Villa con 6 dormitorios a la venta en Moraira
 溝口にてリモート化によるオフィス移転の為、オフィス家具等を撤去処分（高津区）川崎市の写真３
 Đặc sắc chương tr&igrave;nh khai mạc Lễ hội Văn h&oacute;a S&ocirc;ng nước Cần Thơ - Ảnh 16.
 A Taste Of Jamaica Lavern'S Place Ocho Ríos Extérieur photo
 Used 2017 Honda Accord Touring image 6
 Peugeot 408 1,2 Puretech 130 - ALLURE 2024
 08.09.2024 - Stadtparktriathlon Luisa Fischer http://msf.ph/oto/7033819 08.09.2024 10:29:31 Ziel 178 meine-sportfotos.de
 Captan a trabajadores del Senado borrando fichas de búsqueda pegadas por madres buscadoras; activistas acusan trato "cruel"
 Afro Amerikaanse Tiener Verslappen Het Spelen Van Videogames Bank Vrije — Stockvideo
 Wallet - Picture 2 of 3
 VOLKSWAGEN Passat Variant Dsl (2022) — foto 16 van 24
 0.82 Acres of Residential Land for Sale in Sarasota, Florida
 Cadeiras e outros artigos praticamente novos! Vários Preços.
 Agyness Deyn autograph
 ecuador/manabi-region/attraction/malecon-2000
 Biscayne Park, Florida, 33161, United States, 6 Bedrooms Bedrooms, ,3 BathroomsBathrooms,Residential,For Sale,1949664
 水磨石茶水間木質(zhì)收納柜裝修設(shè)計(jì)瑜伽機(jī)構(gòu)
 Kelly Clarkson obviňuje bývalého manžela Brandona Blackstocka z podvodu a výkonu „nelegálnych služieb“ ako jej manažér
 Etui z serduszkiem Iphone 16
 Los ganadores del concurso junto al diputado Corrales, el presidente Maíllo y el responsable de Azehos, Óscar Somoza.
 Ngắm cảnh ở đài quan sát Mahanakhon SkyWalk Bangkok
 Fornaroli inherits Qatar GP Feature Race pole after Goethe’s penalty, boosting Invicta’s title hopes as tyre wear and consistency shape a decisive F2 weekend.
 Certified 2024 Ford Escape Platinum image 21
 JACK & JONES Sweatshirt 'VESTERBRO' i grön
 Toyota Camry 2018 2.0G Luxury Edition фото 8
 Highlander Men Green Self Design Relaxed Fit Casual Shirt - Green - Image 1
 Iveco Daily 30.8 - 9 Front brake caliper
※
**ABOUT THIS TASK**. Count every line in the listing where the string "Florida" occurs. Give the total alone.

**RESPONSE TO THIS EXERCISE**. 2